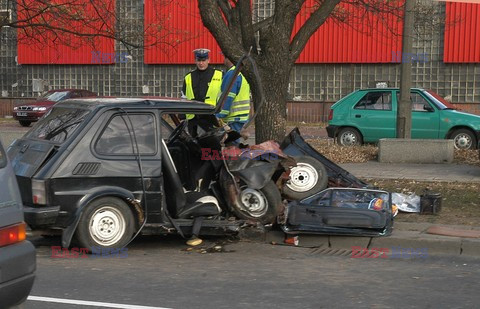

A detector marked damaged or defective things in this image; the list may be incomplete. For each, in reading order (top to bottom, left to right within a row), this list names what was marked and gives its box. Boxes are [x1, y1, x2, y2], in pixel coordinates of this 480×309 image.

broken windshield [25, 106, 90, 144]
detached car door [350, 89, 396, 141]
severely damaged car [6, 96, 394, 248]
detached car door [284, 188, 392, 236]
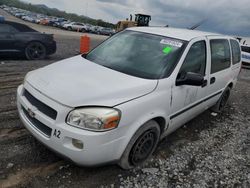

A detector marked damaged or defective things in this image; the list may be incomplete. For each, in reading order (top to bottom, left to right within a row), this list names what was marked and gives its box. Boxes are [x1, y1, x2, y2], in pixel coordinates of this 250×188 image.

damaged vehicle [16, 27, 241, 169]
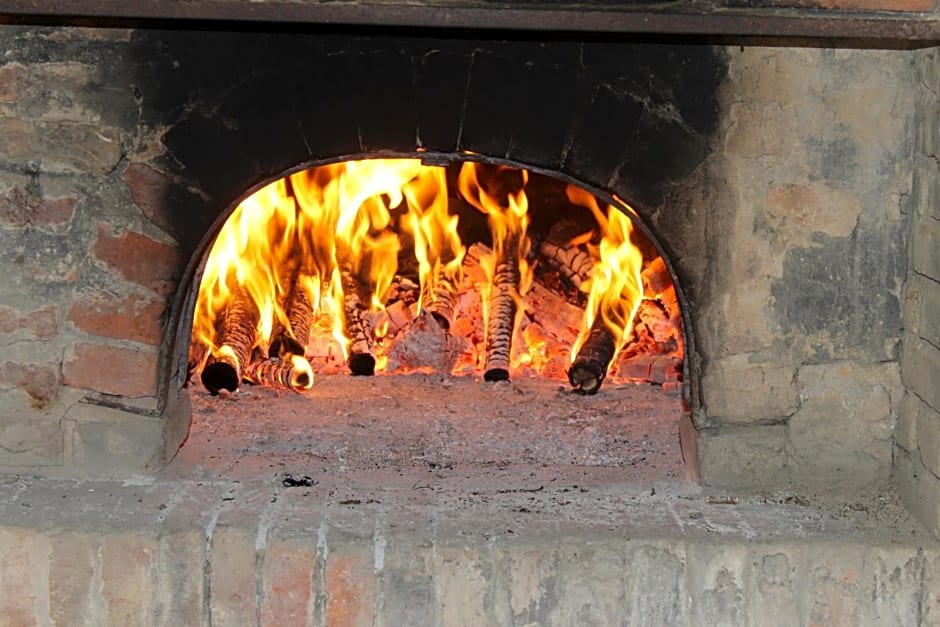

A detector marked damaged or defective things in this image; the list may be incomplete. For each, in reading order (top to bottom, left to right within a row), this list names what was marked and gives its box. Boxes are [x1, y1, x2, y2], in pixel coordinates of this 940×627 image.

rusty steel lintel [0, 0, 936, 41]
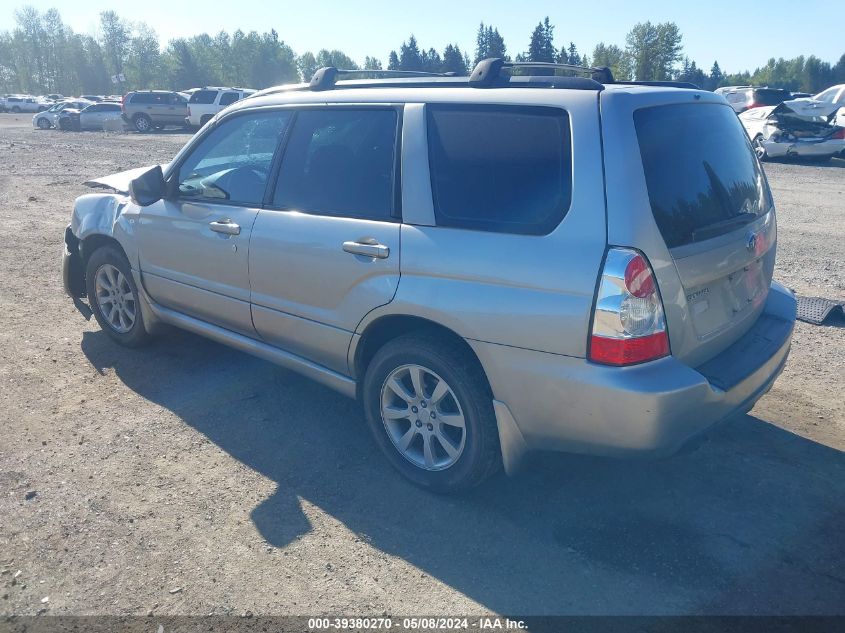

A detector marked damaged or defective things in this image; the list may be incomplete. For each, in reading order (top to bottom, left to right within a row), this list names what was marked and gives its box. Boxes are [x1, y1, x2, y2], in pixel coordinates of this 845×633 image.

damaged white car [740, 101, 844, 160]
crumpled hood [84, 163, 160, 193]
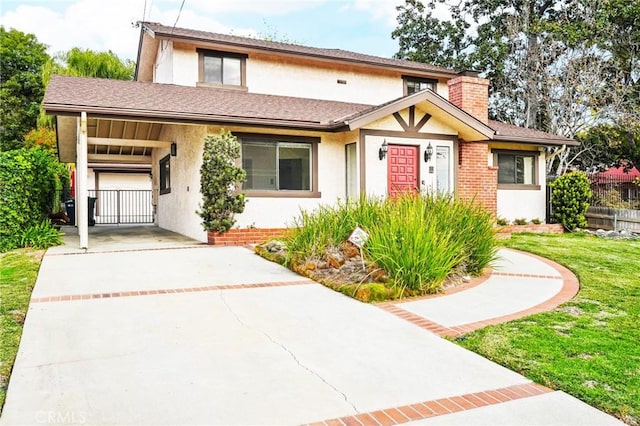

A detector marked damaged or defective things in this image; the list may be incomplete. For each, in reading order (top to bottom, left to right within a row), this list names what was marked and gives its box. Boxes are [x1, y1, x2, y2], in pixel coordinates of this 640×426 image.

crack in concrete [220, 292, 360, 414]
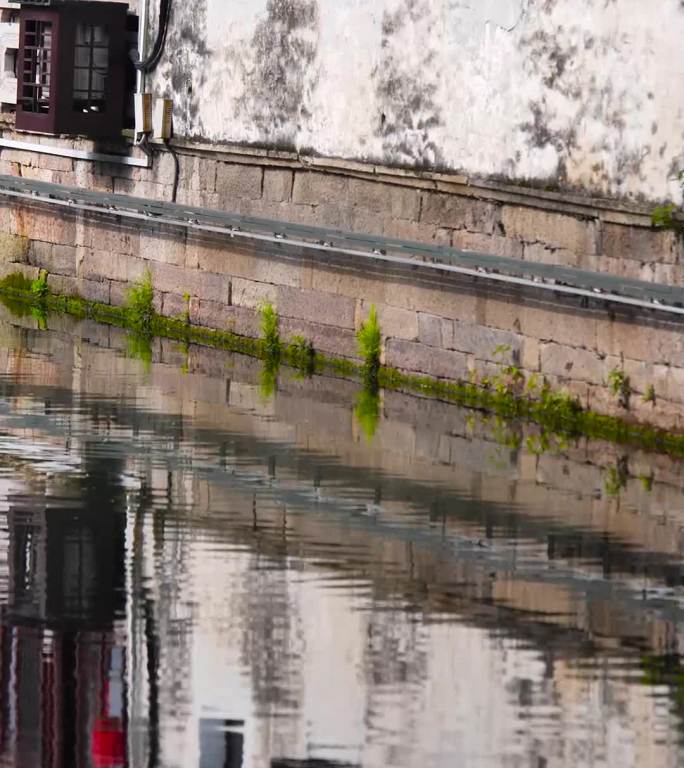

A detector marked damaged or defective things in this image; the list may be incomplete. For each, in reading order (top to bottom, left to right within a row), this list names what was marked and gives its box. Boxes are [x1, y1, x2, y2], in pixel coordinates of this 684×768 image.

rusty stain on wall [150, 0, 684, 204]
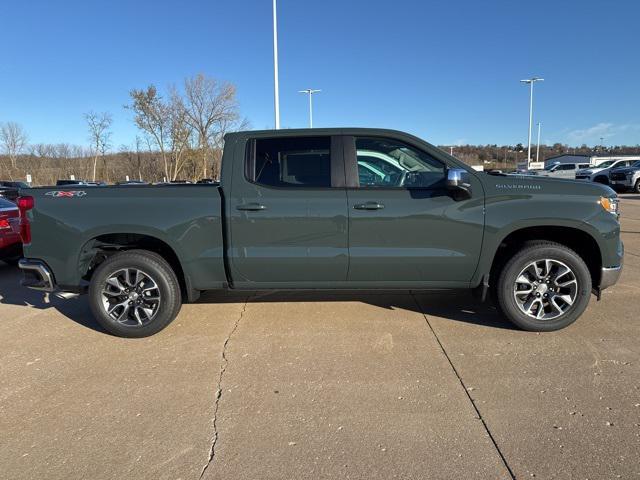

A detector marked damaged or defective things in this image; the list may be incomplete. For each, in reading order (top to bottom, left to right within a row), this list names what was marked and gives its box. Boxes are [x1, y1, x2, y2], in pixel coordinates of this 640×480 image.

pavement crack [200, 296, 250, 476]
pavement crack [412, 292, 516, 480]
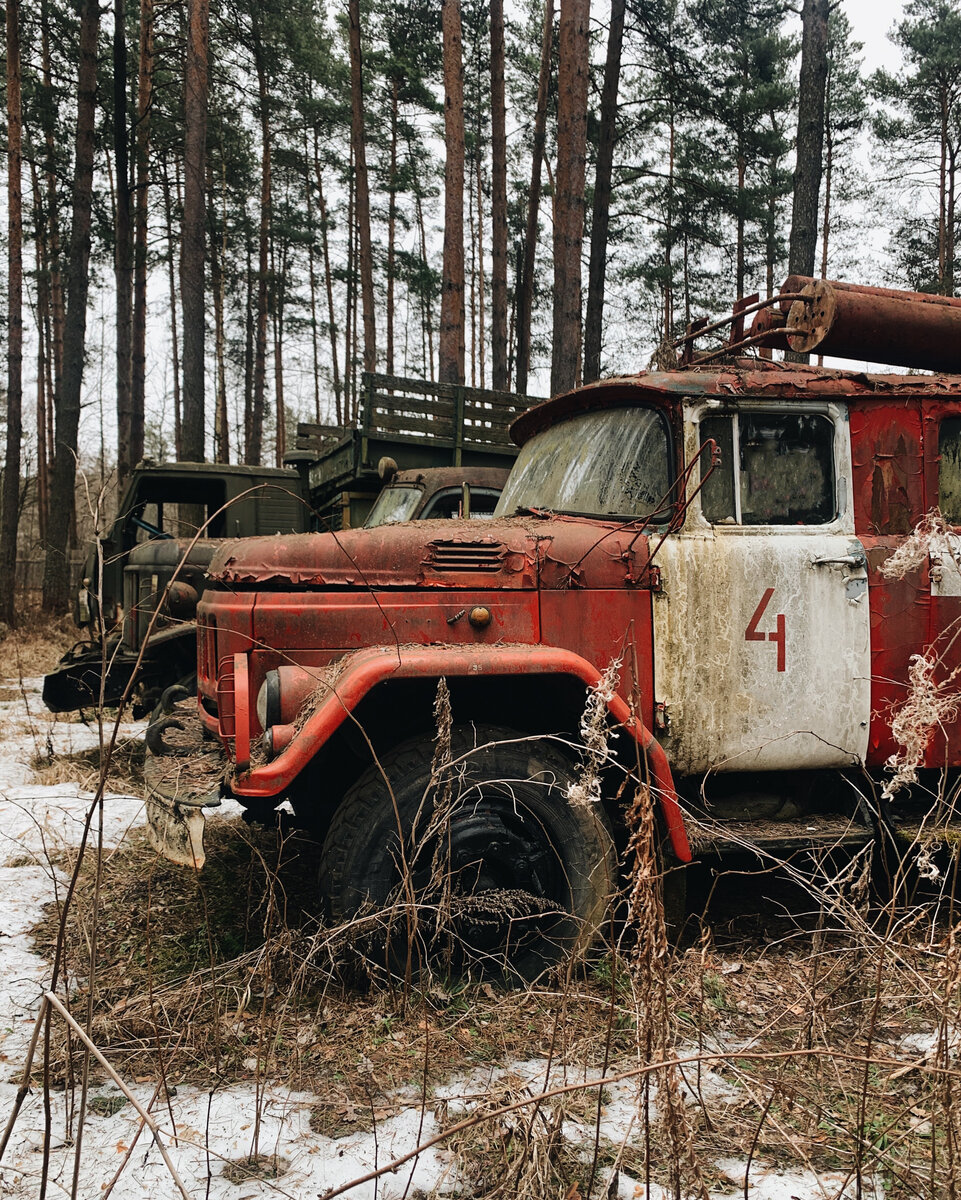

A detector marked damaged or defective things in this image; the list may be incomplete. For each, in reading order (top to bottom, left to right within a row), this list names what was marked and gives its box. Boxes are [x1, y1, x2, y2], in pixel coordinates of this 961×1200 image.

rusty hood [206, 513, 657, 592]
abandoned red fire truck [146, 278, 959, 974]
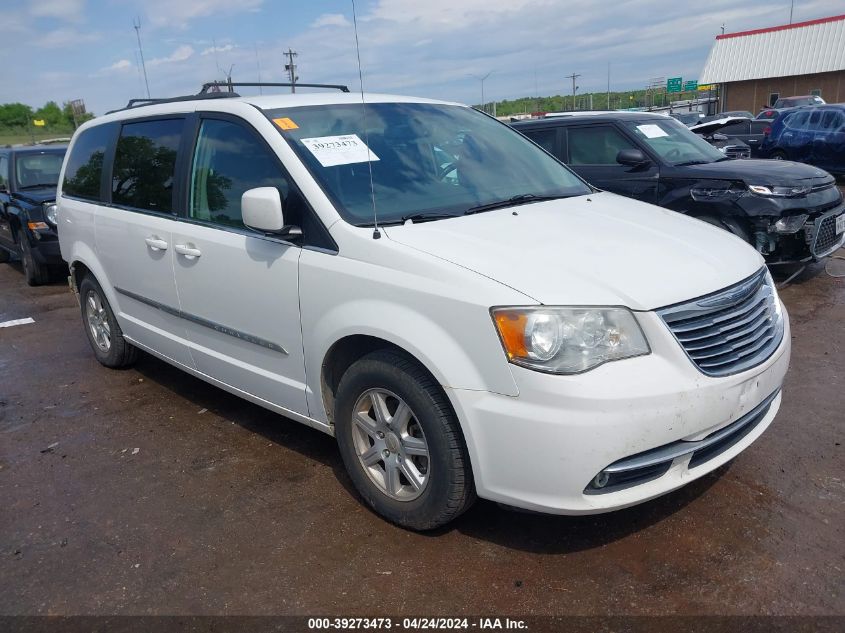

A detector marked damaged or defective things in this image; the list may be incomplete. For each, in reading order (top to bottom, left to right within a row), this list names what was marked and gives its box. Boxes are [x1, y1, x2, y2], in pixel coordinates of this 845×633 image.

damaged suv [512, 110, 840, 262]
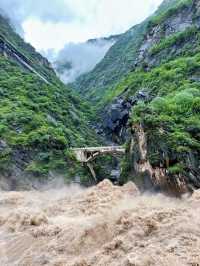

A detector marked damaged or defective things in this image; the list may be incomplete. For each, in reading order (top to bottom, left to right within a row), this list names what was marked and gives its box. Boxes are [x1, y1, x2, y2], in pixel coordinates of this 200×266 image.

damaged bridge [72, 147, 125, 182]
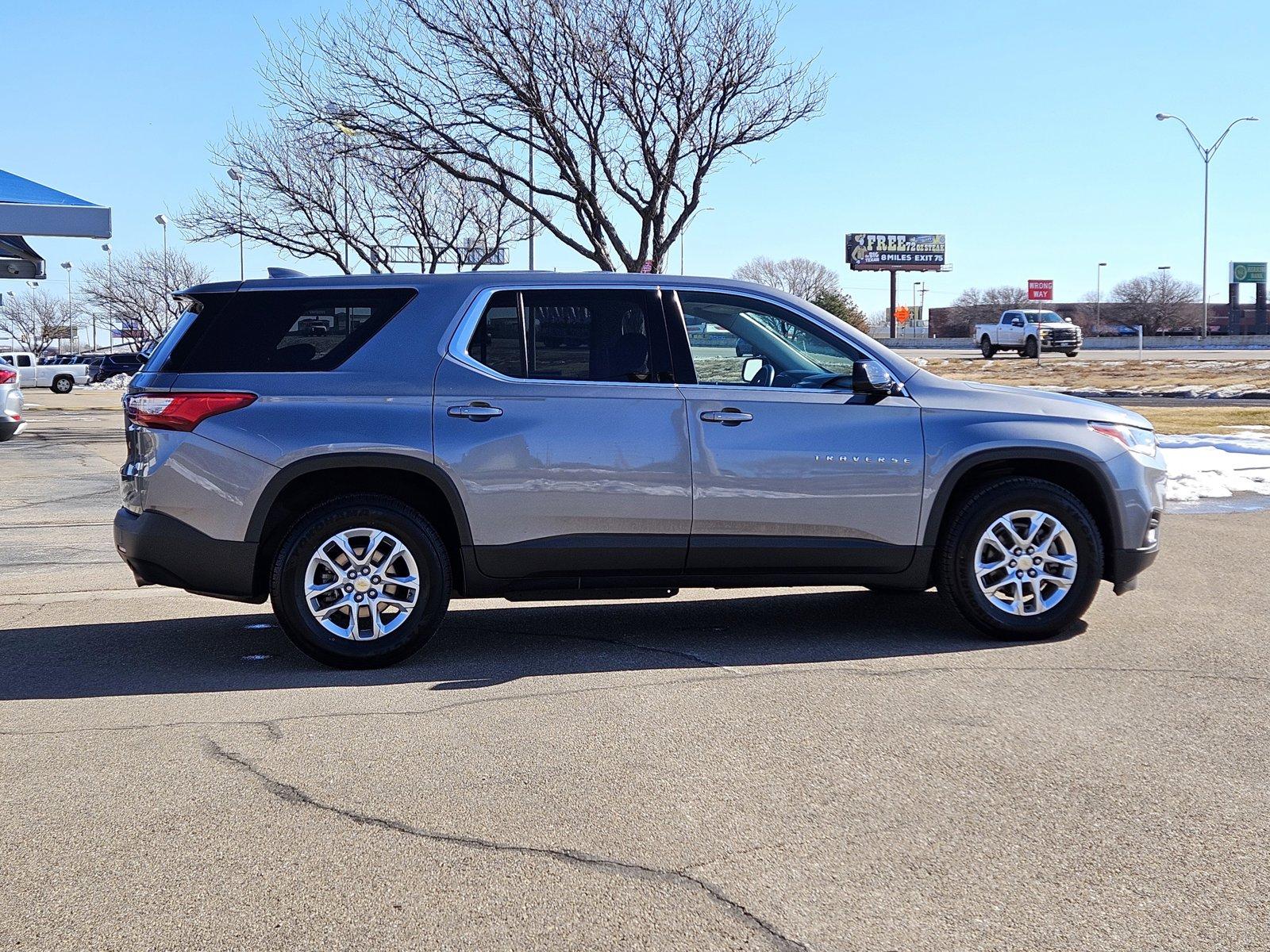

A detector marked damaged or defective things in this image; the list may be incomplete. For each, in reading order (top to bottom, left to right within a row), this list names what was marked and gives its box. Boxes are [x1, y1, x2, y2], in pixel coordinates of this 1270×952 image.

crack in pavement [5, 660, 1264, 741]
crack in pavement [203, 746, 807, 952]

> [Problem description]: Your answer should be a precise transcript of the entries, minus the pictures.

> [Written solution]:
A detector marked damaged or defective things in this image; the list may be incomplete. For each, in reading order (top to bottom, left to right within a row), this list names what was marked and gives its box. Boxes are [x1, y1, x2, y2], in pixel coordinates of this 480×309 image.

broken windshield [25, 106, 90, 144]
detached car door [350, 89, 396, 141]
severely damaged car [6, 96, 394, 248]
detached car door [284, 188, 392, 236]

A detector marked damaged or defective things in this image; the list may be incomplete. For each, in reading order (top to bottom, left to right within a row), this list names what was marked and gives its box. Boxes are [x1, y1, x2, y2], in pixel coordinates of this 250×188 image.

damaged vehicle [16, 27, 241, 169]

A detector marked damaged or defective things in this image; the list may be incomplete. For each, in reading order (top to bottom, left to right within a row), this list names what was marked and gives its box. Boxes are [x1, y1, x2, y2], in pixel coordinates of this 940×627 image.

rusty steel lintel [0, 0, 936, 41]

A detector marked damaged or defective things in this image; the list may be incomplete. For each, in reading order (top to bottom, left to right within a row), this list names what was marked and gives its box. Boxes are [x1, y1, x2, y2], in pixel coordinates of this 845×633 image.

damaged white car [740, 101, 844, 160]
crumpled hood [84, 163, 160, 193]

A detector marked damaged or defective things in this image; the list may be incomplete. For each, in reading order (top to bottom, left to right within a row), this list names what was marked and gives its box. Boxes are [x1, y1, x2, y2], in pixel coordinates of this 640×426 image.

crack in concrete [220, 292, 360, 414]

A detector marked damaged or defective things in this image; the list may be incomplete. For each, in reading order (top to bottom, left to right within a row), this list names what was marked and gives its box. Boxes are [x1, y1, x2, y2], in pixel coordinates of this 684×768 image.

rusty stain on wall [150, 0, 684, 204]

A detector marked damaged or defective things in this image; the list may be incomplete. For each, in reading order (top to bottom, left to right within a row), this list names what was marked and gives its box. Boxes are [x1, y1, x2, y2], in pixel coordinates of this 640×480 image.

pavement crack [200, 296, 250, 476]
pavement crack [412, 292, 516, 480]

A detector marked damaged or defective things in this image; the list may be incomplete. For each, in reading order (top to bottom, left to right within a row), this list names what was marked and gives its box. Boxes are [x1, y1, x2, y2], in pixel coordinates of this 961×1200 image.

rusty hood [206, 513, 657, 592]
abandoned red fire truck [146, 278, 959, 974]

A detector marked damaged or defective things in this image; the list may be incomplete. For each, in reading order (top to bottom, left to right within a row), this list names what was marked and gives its box. Boxes are [x1, y1, x2, y2], in pixel coordinates of this 845×633 image.

damaged suv [512, 110, 840, 262]

A detector marked damaged or defective things in this image; the list may be incomplete. For each, in reading order (top to bottom, left to right within a row), this list names what was marked and gives its box. Boxes are [x1, y1, x2, y2], in pixel coordinates of this 200×266 image.

damaged bridge [72, 147, 125, 182]

A detector marked damaged or defective things in this image; the list may be incomplete. For each, in reading order (top to bottom, left to right within a row), this list names what was marked and gives its box. Boxes are [x1, y1, x2, y2], in pixel coordinates of this 1270×952 image.

crack in pavement [5, 660, 1264, 741]
crack in pavement [203, 746, 807, 952]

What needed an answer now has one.